Understanding Product Use
Each of the three billion phones in the world has a lifespan. This part of the module moves student learning from being focused on the mobile phone battery to parts being shipped to locations where phones are assembled, packaged, and transported to consumers.
Students Will Love:
- Since every middle schooler has experienced the joy of getting something new, they’ll be able to identify with what it’s like to get a new phone and the heartbreak of breaking it. They’ll find it interesting to click around to read stats about the average lifespan of a phone.
Be Sure to Point Out:
- There is a pull-out quote from Judy Jeervarajan, research director, Electrochemical Safety for Underwriters Laboratories, that highlights the importance of passion for your career. There is great potential to help students think about careers in engineering thanks to the learning throughout this module.
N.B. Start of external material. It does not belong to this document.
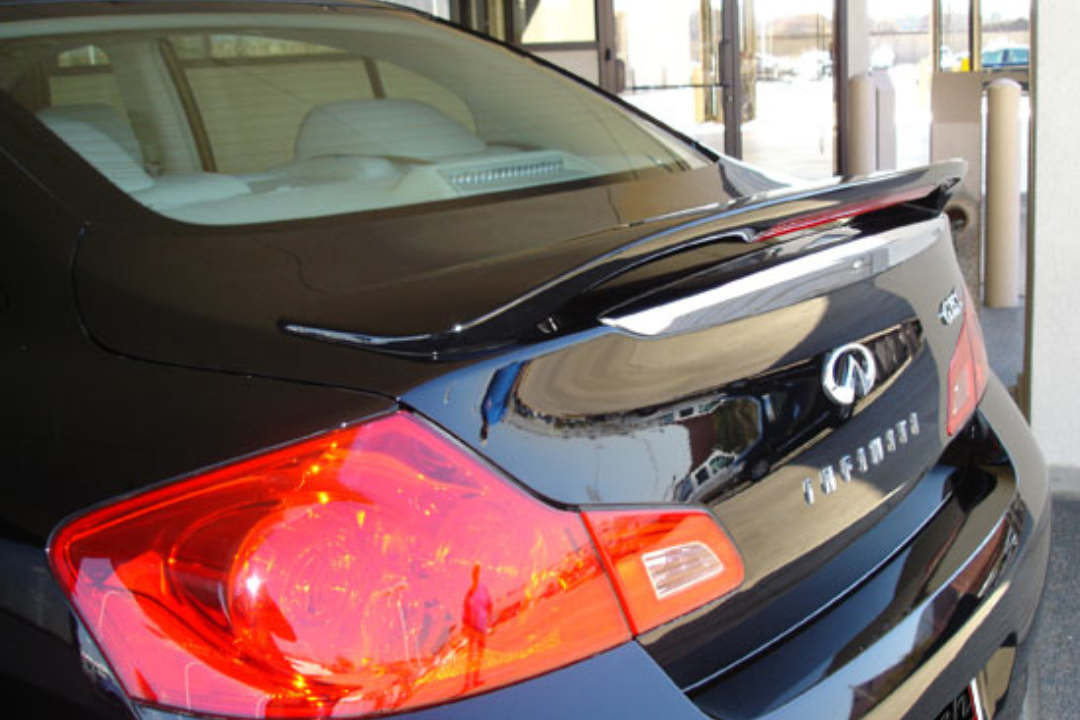 2007-2014 G35 Sedan 4-Dr Post-Mount - ABS173 Spoiler Replacement Painted Car Parts Painted Auto Parts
Check for Understanding: Students may think that the supply chain ends with them but have them demonstrate their learning by answering any of the following questions found on page 15 of the Student Guide. The last question requires higher level thinking requiring them to synthesize learning about the supply chain with personal experience from getting a new phone.
Understanding E-Waste and Disposal
What happens to batteries and our devices when we no longer use them? This part of the module teaches students about the growing problem of e-waste and the environmental consequences that affect humans around the globe.
Students Will Love:
- The animated graphic of the Eiffel Tower is a powerful visual showing exactly how much e-waste is produced each year
Be Sure to Point Out:
- Interactive photos featuring hot spots highlight the environmental impact and health risks of e-waste in countries like China, Ghana, Thailand, Nigeria, and even the United States. It’s worth clicking on every blinking red dot to fully understand this problem as in order to be able to devise solutions.
- Written materials in the Student Guide should be use as a companion for this part of the module since it reinforces the long-term health and environmental impacts of e-waste.
Check for Understanding: Learning can be used to rank parts of the supply chain that need the most immediate attention. Combine lessons from this interactive module with learning from the videos in the Solutions section to let students come up with ways to solve the problem of e-waste.
By using the Extraction to E-Waste: The Lithium-Ion Battery Supply Chain as part of your middle school curriculum, students will be engaged in learning about the topic of e-waste thanks to interactive elements that teach them about the life cycle of devices that are part of their everyday lives.